6 Qs

Post by **Thunderstone** » Tue Apr 21, 1998 2:56 pm

1) The last thing the installation does is to instruct me
to index my web site with a command similar to:
(whatever)/gw http://www.mysite.com
and then to go ahead and access the index with my browser.

Section 0.4 of the webinator doc (dtd 1/15/98) says to
do "gw -index" after indexing but before using my browser.
(And if memory serves, I think "gw" also said to use "gw -index"
after it had indexed a site.)

I'm sure extra invocations of "gw -index" cause no harm, but still,
I'm curious to know if I really needed to do the "gw -index" bit
right after indexing a site into a new database?

2) I'm not understanding the difference between -noindex and -dropindex.
The doc says that -noindex drops search indices while -dropindex
drops all indices. I guess my confusion comes from the assumption
that all indices are there to be searched and so I'm fuzzy on the
difference between "search indices" and "all indices"...?

3) I can see how much trouble one might get themselves into with
the -C option. This name is configurable under many web servers
and indeed our CGI directories are called "user-cgi", not "cgi-bin"
using various Netscape servers. Can the -C option be made to work
with "user-cgi"?

4) I started indexing a site and then walked away. When I came back,
I was told the indexing had ended normally and the well-meaning person
logged me off. So I don't know how many pages were indexed.
Under Irix typed 'gw -d- -st "select Url from html" | wc -l' and
this seemed to give me a good page count. If there's more straight-
forward way of getting the number of pages in the index, I'm all ears.

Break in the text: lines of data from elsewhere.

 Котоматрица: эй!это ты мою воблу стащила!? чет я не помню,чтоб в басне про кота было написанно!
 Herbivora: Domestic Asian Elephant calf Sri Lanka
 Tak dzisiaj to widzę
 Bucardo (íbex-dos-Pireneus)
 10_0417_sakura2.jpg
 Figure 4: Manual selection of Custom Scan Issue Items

5) http://www.thunderstone.com/webinator/help.html#qhelp says the
wild-card character can be used to match just a previous of a
word or to ignore the middle of something. So to do a bit of
stress-testing, I typed "ra*" with the Word Form left as "Exact"
and I expected to match anything that begins with "ra".
According to the View-Context buttons, it matched on words which
CONTAIN "ra" (travel, branch, contract, etc). Did I mis-understand
what the wild-card does?

5b) My Webster's dictionary has no entry for the word "asterix" as
it appears in the above-mentioned URL. Should be spelled "asterisk"?

6) Can the wild-card character be changed to something other than
the "*" (to be consistent with unrelated legacy mainframe databases
used by the same customer)?

-John Koch - - - __o
Knowledge Systems, Inc. - - - - _ \<,_
<John.ksi@webplus.net> - - (_)/ (_)
(A NET-FRIENDLY SIG. http://www.ncsa.uiuc.edu/Edu/ICG/pt1.ch2.Etiquette.html )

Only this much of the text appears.